Measuring cold and warm starts with Java 21 using asynchronous HTTP clients
In our experiment, we'll reuse the application introduced in part 9, and rewrite it to use an asynchronous HTTP client. You can find the application code here. There are basically 2 Lambda functions, which both respond to the API Gateway requests and retrieve the product by its id, received from the API Gateway from DynamoDB. One Lambda function, GetProductByIdWithPureJava21AsyncLambda, can be used with and without SnapStart, and the second one, GetProductByIdWithPureJava21AsyncLambdaAndPriming, uses SnapStart and DynamoDB request invocation priming. We give both Lambda functions 1024 MB of memory.

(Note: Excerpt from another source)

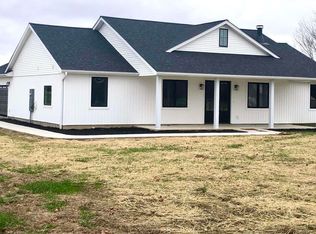 12766 Harvest Ln, Marion, IL 62959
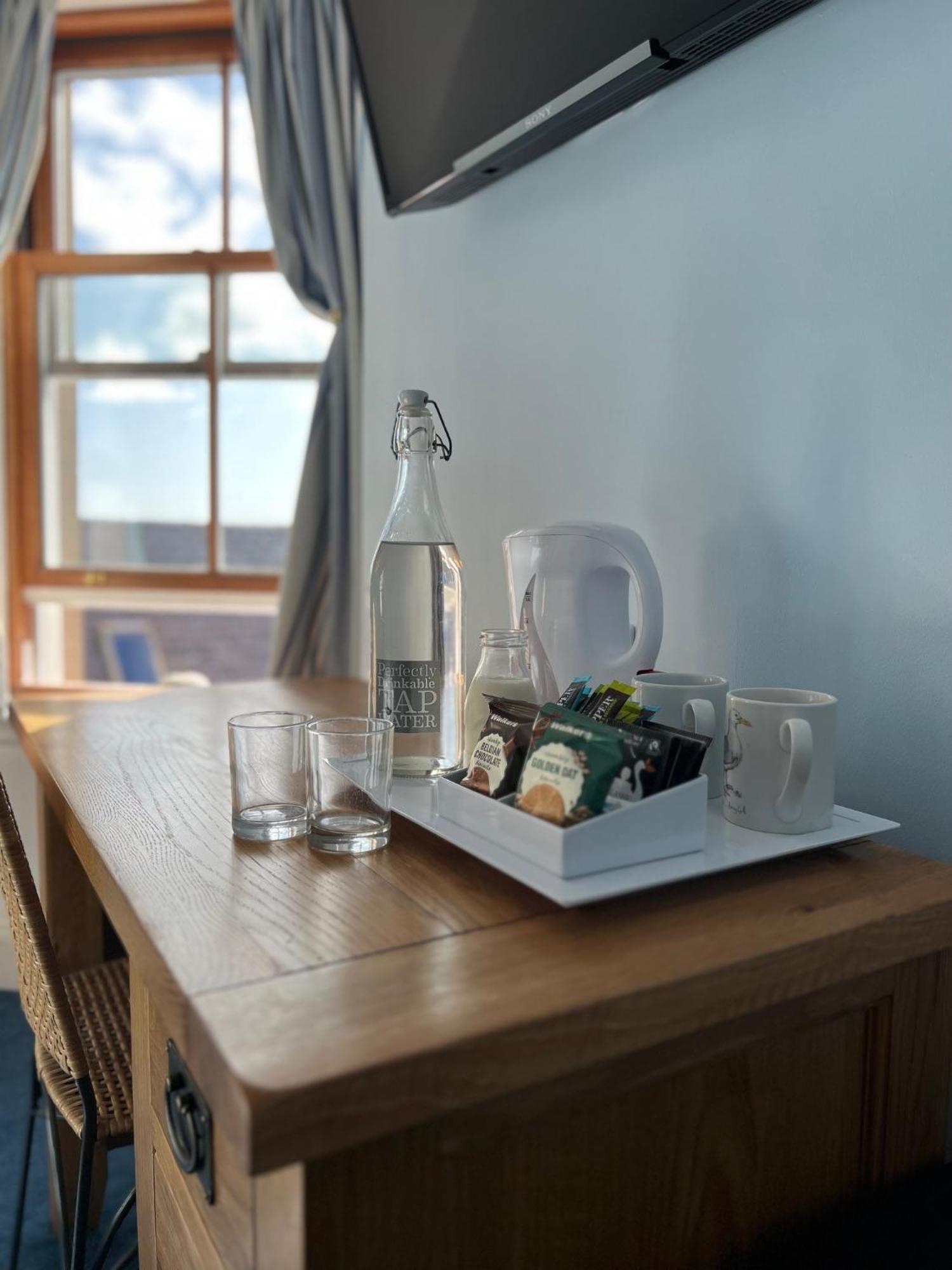 Fort Charlotte Guest House Леруик Екстериор снимка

There are 2 asynchronous HTTP Client implementations available in the AWS SDK for Java.
- NettyNioAsync (Default)
- AWS CRT (asynchronous)
This is the order for the lookup of the asynchronous HTTP Client in the classpath.

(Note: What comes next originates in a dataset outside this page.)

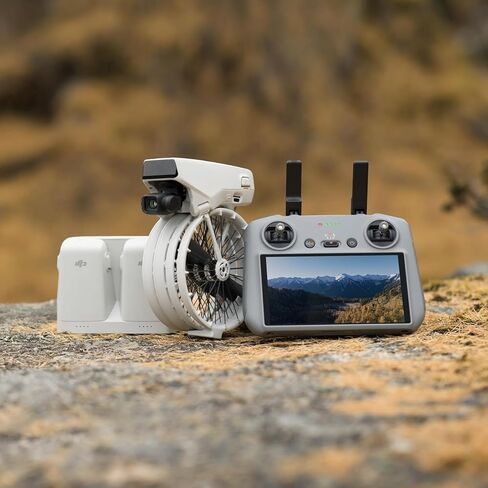 مجموعة طائرة DJI Flip Drone Fly More مع وحدة تحكم عن بعد RC 2، 3 بطاريات لوقت طيران 93 دقيقة + حقيبة ظهر + بطاقة SD + وسادة هبوط، قارئ بطاقات in Kuwait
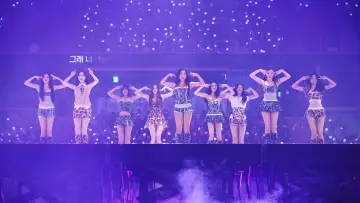 Задник к фильму "TWICE WORLD TOUR [THIS IS FOR] in Incheon" #1568713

Let's figure out how to configure such an asynchronous HTTP Client. There are 2 places to do it : pom.xml and DynamoProductDao
Let's consider 2 scenarios:
Scenario 1) NettyNioAsync HTTP Client. Its configuration looks like this
In pom.xml, the only enabled HTTP Client dependency has to be:
<dependency>
<groupId>software.amazon.awssdk</groupId>
<artifactId>netty-nio-client</artifactId>
</dependency>
In DynamoProductDao, the DynamoDBAsyncClient should be created like this:
DynamoDbAsyncClient.builder()
.credentialsProvider(DefaultCredentialsProvider.create())
.region(Region.EU_CENTRAL_1)
.httpClient(NettyNioAsyncHttpClient.create())
.overrideConfiguration(ClientOverrideConfiguration.builder()
.build())
.build();
Scenario 2) AWS CRT synchronous HTTP Client. Its configuration looks like this
In pom.xml, the only enabled HTTP Client dependency has to be:
<dependency>
<groupId>software.amazon.awssdk</groupId>
<artifactId>aws-crt-client</artifactId>
</dependency>
In DynamoProductDao, the DynamoDBAsyncClient should be created like this:
DynamoDbAsyncClient.builder()
.credentialsProvider(DefaultCredentialsProvider.create())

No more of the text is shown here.